# Fish Jerky/ Marinade



## Jason

I was thumbing through a hunting magazine yesterday at the DR.'s office when I saw a fish jerky marinade recipe. I thought uhhhhh uh nooooo way fish jerky??? I've heard of it but never tried so I said what the heck, I got some King in the freezer that I was going to cook on the grill so I'll use it! I have it marinating right now but I decided I wanted to cook about 7 slivers by wrapping it up in foil and putting it in the oven fer 12 - 15minutes. The fish had only been in the marinate fer about an hour but it soaked in purty good. Ohhhhhhh boy it was purty good, but I can't wait to put the rest in the de-hydrater tomorrow:letsdrink

I had to double the recipe fer my application, you do as you see fit...

1/4 inch slices of fish about 3-6 inches long.

1/2 cup of Soy sauce

1/4 cup of pineapple juice

1 tablespoon of brown sugar

1/4 teaspoon of cayenne pepper

1 crushed garlic clove (I used minced garlic outta the jar)
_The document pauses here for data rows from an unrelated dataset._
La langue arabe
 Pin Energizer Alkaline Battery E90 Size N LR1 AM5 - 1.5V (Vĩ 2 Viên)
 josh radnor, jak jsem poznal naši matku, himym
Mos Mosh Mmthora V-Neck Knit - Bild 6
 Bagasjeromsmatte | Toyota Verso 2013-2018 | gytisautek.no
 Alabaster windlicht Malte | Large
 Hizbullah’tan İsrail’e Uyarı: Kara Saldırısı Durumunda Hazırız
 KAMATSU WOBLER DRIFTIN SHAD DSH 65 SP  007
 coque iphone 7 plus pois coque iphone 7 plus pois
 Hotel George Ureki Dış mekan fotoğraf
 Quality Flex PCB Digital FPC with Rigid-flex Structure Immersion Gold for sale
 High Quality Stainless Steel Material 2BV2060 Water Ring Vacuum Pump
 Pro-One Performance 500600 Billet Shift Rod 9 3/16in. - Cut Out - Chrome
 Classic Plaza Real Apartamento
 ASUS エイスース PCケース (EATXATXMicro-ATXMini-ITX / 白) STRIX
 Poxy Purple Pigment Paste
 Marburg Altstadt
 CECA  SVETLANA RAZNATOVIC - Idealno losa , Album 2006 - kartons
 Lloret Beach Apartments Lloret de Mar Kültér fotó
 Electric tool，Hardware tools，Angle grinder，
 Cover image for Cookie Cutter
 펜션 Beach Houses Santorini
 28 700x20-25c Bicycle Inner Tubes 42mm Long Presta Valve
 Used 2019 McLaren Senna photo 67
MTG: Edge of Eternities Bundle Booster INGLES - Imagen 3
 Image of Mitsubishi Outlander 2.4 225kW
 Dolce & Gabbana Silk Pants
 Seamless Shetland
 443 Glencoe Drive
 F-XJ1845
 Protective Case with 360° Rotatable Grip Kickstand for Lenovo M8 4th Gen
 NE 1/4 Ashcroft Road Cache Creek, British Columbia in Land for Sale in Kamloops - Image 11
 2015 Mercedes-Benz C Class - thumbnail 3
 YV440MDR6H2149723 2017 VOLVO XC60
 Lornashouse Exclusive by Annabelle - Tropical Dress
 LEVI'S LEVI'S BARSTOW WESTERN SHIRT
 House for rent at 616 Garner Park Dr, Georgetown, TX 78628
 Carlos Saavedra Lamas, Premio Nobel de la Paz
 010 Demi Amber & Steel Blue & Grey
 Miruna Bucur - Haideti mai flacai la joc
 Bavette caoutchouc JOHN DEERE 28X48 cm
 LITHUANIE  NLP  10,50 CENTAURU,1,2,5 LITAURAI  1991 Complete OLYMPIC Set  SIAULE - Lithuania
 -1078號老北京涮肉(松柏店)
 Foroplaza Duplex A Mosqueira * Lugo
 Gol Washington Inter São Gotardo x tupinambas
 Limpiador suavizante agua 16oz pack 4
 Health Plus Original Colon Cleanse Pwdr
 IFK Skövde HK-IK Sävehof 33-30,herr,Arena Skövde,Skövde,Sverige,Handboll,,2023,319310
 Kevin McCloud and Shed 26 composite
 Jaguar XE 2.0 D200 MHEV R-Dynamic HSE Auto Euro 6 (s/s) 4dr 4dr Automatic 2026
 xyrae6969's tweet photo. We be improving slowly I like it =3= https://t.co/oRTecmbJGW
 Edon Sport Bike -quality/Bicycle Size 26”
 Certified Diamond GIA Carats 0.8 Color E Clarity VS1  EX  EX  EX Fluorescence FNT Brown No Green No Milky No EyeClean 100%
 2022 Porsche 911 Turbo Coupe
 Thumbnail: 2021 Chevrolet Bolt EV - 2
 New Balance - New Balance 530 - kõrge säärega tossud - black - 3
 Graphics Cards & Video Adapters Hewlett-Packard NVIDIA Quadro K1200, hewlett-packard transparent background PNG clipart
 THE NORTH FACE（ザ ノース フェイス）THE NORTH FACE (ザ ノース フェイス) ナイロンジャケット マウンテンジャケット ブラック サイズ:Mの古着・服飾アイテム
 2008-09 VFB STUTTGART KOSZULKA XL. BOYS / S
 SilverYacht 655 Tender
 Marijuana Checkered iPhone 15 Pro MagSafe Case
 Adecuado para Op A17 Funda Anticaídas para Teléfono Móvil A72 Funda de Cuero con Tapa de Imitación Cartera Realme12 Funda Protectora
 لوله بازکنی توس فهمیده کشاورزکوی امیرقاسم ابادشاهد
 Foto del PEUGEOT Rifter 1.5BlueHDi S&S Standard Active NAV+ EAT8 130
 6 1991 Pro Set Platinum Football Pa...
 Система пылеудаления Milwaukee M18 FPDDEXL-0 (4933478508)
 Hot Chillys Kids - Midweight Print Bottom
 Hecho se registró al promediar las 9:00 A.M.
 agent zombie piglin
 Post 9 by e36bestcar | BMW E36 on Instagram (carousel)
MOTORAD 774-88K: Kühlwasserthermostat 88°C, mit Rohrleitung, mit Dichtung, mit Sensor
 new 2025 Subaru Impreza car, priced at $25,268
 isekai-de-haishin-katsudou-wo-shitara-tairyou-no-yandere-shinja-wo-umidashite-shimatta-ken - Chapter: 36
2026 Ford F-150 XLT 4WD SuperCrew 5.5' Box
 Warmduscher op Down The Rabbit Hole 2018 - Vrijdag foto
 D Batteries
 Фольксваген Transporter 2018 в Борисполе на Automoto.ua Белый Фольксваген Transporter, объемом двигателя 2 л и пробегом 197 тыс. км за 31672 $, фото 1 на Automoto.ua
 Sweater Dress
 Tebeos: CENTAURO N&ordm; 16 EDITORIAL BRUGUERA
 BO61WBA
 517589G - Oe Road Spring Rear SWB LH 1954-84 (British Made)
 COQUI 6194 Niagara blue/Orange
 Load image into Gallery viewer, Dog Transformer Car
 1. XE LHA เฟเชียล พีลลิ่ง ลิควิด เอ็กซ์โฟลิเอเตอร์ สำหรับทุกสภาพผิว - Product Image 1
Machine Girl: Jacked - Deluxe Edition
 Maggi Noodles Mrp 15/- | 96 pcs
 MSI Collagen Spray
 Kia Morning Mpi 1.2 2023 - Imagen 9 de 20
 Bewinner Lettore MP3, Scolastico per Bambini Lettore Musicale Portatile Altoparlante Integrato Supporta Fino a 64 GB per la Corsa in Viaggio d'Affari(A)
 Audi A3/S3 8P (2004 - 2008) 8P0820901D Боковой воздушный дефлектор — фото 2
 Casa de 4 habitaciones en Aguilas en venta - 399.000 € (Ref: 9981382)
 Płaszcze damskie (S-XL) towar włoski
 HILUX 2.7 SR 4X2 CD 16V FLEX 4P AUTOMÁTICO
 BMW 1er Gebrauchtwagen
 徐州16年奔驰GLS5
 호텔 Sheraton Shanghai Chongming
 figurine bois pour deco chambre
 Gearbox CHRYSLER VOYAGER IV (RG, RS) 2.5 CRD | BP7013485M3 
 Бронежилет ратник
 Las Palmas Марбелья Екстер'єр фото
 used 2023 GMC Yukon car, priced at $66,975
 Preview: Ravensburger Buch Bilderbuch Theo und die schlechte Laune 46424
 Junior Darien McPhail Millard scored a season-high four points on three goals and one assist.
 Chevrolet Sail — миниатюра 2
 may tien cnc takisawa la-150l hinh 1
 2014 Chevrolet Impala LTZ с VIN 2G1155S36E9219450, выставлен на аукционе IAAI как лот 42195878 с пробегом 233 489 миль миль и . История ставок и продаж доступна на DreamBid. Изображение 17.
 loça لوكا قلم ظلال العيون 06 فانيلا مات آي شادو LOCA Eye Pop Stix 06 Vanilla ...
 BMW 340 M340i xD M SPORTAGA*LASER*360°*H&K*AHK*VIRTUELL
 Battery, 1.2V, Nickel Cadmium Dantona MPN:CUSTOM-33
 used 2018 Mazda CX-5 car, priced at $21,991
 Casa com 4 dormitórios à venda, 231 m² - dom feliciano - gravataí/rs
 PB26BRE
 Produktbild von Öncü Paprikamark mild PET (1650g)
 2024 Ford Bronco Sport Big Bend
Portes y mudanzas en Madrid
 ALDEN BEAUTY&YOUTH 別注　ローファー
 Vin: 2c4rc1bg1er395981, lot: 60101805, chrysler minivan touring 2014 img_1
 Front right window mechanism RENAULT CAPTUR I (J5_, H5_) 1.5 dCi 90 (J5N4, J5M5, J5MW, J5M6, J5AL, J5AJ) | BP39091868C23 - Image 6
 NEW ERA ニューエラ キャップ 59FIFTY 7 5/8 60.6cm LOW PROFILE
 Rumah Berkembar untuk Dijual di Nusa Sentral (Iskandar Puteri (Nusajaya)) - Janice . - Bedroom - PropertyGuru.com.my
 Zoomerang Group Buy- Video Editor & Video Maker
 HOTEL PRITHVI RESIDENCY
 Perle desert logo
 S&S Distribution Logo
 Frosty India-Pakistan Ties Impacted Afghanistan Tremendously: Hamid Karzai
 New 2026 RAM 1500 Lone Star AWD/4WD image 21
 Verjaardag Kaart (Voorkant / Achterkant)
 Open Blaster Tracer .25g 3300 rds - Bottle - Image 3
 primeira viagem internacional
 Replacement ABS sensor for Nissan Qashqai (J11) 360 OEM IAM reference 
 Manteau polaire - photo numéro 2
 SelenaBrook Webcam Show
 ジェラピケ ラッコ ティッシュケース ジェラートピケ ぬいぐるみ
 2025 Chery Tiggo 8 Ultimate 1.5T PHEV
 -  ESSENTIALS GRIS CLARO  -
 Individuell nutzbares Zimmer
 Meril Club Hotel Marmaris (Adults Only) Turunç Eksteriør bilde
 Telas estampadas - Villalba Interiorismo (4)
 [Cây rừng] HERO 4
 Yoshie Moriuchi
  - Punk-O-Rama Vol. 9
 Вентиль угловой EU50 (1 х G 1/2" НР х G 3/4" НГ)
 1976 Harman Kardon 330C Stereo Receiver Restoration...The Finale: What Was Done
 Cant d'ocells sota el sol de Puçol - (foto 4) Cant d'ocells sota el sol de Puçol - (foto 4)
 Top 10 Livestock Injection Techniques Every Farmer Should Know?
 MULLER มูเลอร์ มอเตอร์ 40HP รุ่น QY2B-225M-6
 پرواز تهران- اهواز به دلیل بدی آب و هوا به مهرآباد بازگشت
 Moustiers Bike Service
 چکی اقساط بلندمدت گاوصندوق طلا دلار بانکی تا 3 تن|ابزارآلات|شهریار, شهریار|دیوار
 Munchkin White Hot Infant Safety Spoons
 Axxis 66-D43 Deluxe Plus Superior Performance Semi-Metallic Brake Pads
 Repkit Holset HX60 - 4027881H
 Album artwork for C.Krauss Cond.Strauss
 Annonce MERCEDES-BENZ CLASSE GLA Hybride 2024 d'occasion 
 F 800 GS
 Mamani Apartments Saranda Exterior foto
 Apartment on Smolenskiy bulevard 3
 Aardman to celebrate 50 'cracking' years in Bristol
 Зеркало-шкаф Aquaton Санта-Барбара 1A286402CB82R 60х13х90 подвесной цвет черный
1 tablespoon minced ginger

1 teaspoon of salt

1/2 teaspoon of ground pepper

Don't let the cayenne pepper scare you, I love hot stuff and used a few pinches more then the recipe and it still wasn't to hot. 

HAPPY EATING..........Post your results, and I'll tell ya'll how the jerky turns out!!!:letsdrink


----------



## bamasam

Jason someone had a recipe for this a while back and I have been wanting to find it. I am going to give yours a try and see how it goes.


----------



## Shiznik

Sounds god! Gotta give this one a try. Let us know how yours turns out. Are you just using King?


----------



## Jason

Alright guys, I got it done and it turned out much better then I thought!!! Only thing I would change is less soy sauce...I doubled the recipe for about 3 lbs and it soaked up all the marinate. It is real salty, and a few of the thicker pieces are "fishier" tasting. Heck a couple folks that I work with tried it and didn't know it was fish until I told them!!! I'm gonna work on the salty mixture and try it w/ the next shark I catch!!! It's almost as good as my deer jerky:letsdrink:letsdrink


----------



## Ocean Man

My Uncle James used to make a lot of Shark jerky. It is awesome.


----------



## WW2

I used to make a ton of jerky, fish and otherwise. It's great to snack on. Salt was originally an ingredient since jerky was to make meat last longer before spoiling. If you aren't planning on storing the meat for any real length of time you can eliminate the salt. If jerky around your place is like mine, it's gone VERY fast. No need for preserving. If it were going to last more than a day or two I started adding salt back to the mix. I have always found the oilier fish to be the better to work with too. King/Salmon are killer.

Also, I would marinate for about 8 hours and then smoke for as long as it took. I always liked the red meats a little saliter than fish, so, when I would make fish I would marinate for 8 hours and then wash it off with water and then drying it before putting it in the smoker.


----------



## Shiznik

A lot of the recipies I've tried when I make jerky that have turned out salty, I just cut down the marinade time and that way I don't lose the flavor. Works in some recipies, but I bet you are right, if you doubled your recipie and cut back on your soy sauce, you have it nailed. Hope it turns out good the next batch. I've never had fish jerky, had many others, Elk, Moose, Boar, Ostrich, Deer, Bear. I stick with a London Broil when I make it for the holidays unless we go hunting.


----------